Brembo Hyction: il segreto della Ducati Superleggera per staccate folli
Sulla Superleggera V4 Centenario debuttano i dischi Hyction e la pinza GP4-HY. Leggerezza estrema e frenate da MotoGP ora su strada
C’è qualcosa di quasi magico nel rumore di una Ducati che scala le marce. Ma questa volta il suono che conta davvero è quello del silenzio… o meglio, della leggerezza estrema. Perché Brembo e la casa di Borgo Panigale hanno deciso di alzare l’asticella insieme con la nuova Superleggera V4 Centenario. Una sorta di “laboratorio viaggiante” che porta in strada tecnologie che, fino a ieri, si vedevano solo nei box della MotoGP o sulle hypercar da milioni di euro. Il protagonista assoluto? Si chiama Hyction. Ovvero un disco carboceramico che promette di cambiare per sempre il modo in cui si stacca in fondo ad un rettilineo.
Quando il carbonio incontra l’asfalto: la rivoluzione Hyction
Diciamocelo chiaramente. Frenare forte è all’ordine del giorno, ma farlo con un materiale che pesa quasi la metà dell’acciaio è roba di un altro pianeta. Hyction del resto non è un nome scelto a caso, ma un mix tra “Hyper" e “Action“. Parliamo di un disco da 340 mm che pesa appena 1,3 kg. Per intenderci, togliere quasi un chilo di massa rotante dalle ruote significa che la moto cade in piega solo a guardarla. La tecnologia? Deriva direttamente dai dischi CCM-R delle auto più veloci del mondo. Ma Brembo ha dovuto sudare sette camicie per adattarla alle esigenze di una moto, dove il feeling millimetrico sulla leva è tutto. Con 132 fori di ventilazione e una campana asimmetrica in alluminio, questo sistema non solo frena, ma “respira", dissipando il calore in modo quasi sovrannaturale.
Non solo dischi: la pinza GP4-HY e il trucco del “Boost”
Ma un disco così spaziale non servirebbe a nulla senza qualcuno capace di “morderlo" a dovere.

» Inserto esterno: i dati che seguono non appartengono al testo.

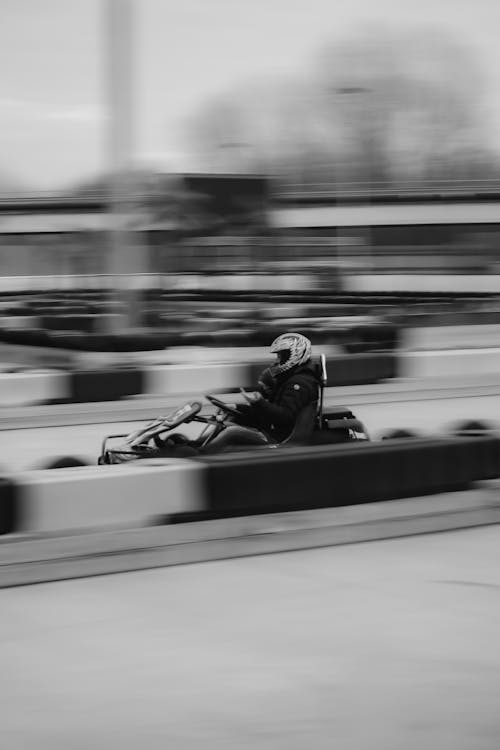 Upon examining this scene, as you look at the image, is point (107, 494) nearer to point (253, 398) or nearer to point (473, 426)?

Ed è qui che entra in scena la pinza GP4-HY. È un pezzo d’arte ricavato dal pieno. Però la vera chicca è nascosta dentro. C’è un meccanismo boosted. In pratica, grazie a un movimento obliquo delle pastiglie, la forza frenante aumenta sensibilmente. E senza dover “strizzare" la leva con forza. Un’innovazione che dà sicurezza quando si arriva lunghi in staccata. E poi c’è la molla anti-drag. Appena si molla il freno, le pastiglie si staccano istantaneamente dal disco. Niente attriti inutili. Ed anche al posteriore non si è scherzato, con un disco in acciaio flottante che usa boccole in alluminio per limare ogni singolo grammo possibile.
Foderi in carbonio e DNA da pista
Se pensavate che le novità fossero finite ai freni, date un’occhiata alle sospensioni. La Öhlins NPX 25/30 Carbon è la prima forcella stradale con i foderi in carbonio unidirezionale. Sì, avete letto bene. Carbonio. Rispetto a una Panigale standard, qui si risparmia il 10% del peso solo sull’avantreno. Cosa significa per chi guida? Una precisione quasi chirurgica. La cartuccia pressurizzata evita quelle fastidiose bolle d’aria (la cavitazione, per i più tecnici) che a volte rendono il supporto incostante durante le frenate più violente. Al posteriore, invece, si trova l’ammortizzatore TTX36 GP LW con una molla in acciaio leggero e viteria in titanio. Un pacchetto estremamente completo. E una cosa probabilmente è certa. Dopo aver provato una tecnologia del genere, tornare indietro risulterebbe davvero difficile.